Elevations Hotels and Resorts bought the former Artisan hotel in 2022 for nearly $12 million and then reportedly spent close to $3 million transforming it into the Lexi. The hotel was slated to open this April, but supply-chain issues delayed the opening until June. Elevations already run a weed-friendly hotel in Phoenix, Arizona, and CEO Alex Rizk specifically set out to make the Lexi a cannabis-inclusive space as well.
City and state regulations could put a damper on those plans, though. Like almost all other adult-use states, Nevada still prohibits people from smoking weed in public. Private property owners can blaze up at home, of course, and landlords can allow adults to smoke on their properties too. It's not specifically clear whether or not those rules apply to hotel owners, though. Rizk believes the Lexi isn't breaking the law, but state regulators seem less certain of that fact.
“The Lexi does not hold a state cannabis license of any type, including for a cannabis consumption lounge,” said Tiana Bohner, public information officer for the Nevada Cannabis Compliance Board, the Las Vegas Review-Journal reports. “The CCB has not been contacted by The Lexi, and so, we cannot comment on the legality of their specific business plans without additional information.”
Rizk was hoping that Vegas' new cannabis consumption lounge licenses could help support the Lexi's 420-friendly status. This spring, city officials finally signed off on regulations that will allow businesses to open alcohol-free lounges where adults can legally smoke weed. These regulations come with a whole raft of restrictions, though, and the fine print prevents Elevations from applying for one of these coveted licenses.
“Having a lounge is one of our main goals,” Rizk told the Review-Journal. “But when we talk about these lounge licenses, right now, they all assume that you would also have a retail license attached to it so you could go to that lounge and purchase cannabis at the lounge and sit down and use it. We have no intention of doing that. We don’t want to touch the flower, we don’t want to be a retail cannabis company. We exclusively want to allow the use of cannabis on our property wherever it’s legal and permitted.”
There's another hurdle that blocks the company from applying for a consumption lounge license as well. The city's new cannabis regulations prohibit pot lounges from opening up within 1,500 feet of a casino, and the Lexi is just around the corner from Palace Station, a hotel-casino. This stipulation would block Elevations from getting a license for a smoking lounge.
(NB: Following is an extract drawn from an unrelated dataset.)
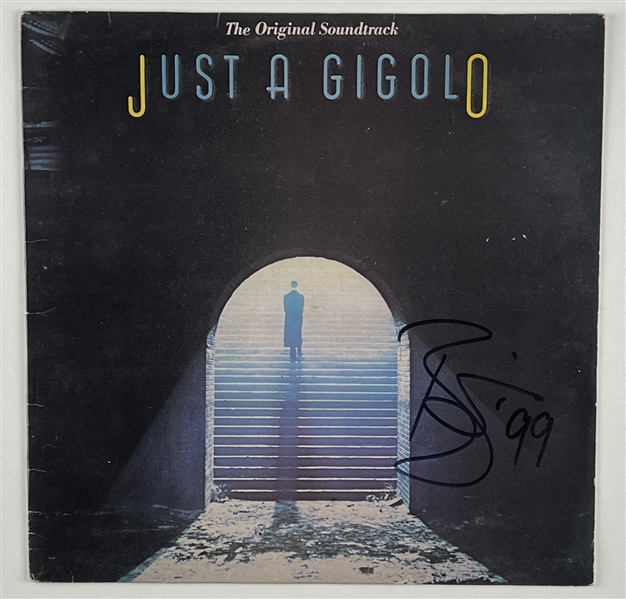 David Bowie 1999 Signed “Just a Gigolo” Album Record (Andy Peters Bowie Expert) 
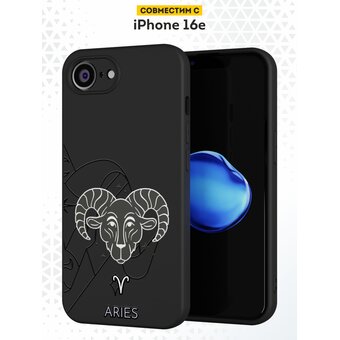  Силиконовый чехол DesignOnCase на iPhone 16E, с защитой камеры, Овен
Regardless of the current regulatory confusion, Rizk believes that the city will eventually update its rules to accommodate the Lexi and other pot-friendly hotels. “I think that those laws are very new and they will evolve,” he told the Review-Journal. “Nevada, specifically Las Vegas, is well known for evolving and constantly changing. The goal for us right now is to be a trailblazer and pioneers of being part of those early conversations so as the law is evolving, we’d love to be a part of the reason why it evolved and give some guidance.”